• Exercise: How many lines below contain the string "Beige"? Reply with the figure and no further words.

• Source information:
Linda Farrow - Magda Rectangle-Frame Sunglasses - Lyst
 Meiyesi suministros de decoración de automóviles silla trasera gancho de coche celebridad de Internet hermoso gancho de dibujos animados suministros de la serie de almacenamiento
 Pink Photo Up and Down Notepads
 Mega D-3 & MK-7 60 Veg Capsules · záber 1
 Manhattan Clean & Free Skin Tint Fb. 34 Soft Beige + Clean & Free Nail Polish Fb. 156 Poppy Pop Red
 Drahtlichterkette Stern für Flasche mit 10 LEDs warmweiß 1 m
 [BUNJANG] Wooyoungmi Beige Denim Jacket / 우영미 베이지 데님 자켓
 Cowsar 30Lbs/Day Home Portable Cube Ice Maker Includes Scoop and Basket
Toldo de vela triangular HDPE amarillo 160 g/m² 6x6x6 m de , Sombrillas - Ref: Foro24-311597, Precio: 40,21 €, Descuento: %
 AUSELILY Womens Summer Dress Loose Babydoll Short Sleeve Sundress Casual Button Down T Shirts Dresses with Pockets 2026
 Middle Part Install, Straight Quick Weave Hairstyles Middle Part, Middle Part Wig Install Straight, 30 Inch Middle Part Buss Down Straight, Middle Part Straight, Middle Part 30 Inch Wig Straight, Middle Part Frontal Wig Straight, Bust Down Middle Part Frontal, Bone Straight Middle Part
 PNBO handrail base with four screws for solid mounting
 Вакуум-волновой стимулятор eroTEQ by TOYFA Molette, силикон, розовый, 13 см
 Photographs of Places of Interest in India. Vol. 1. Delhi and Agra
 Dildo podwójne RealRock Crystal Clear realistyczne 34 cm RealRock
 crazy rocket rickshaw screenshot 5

• Response to the exercise: 2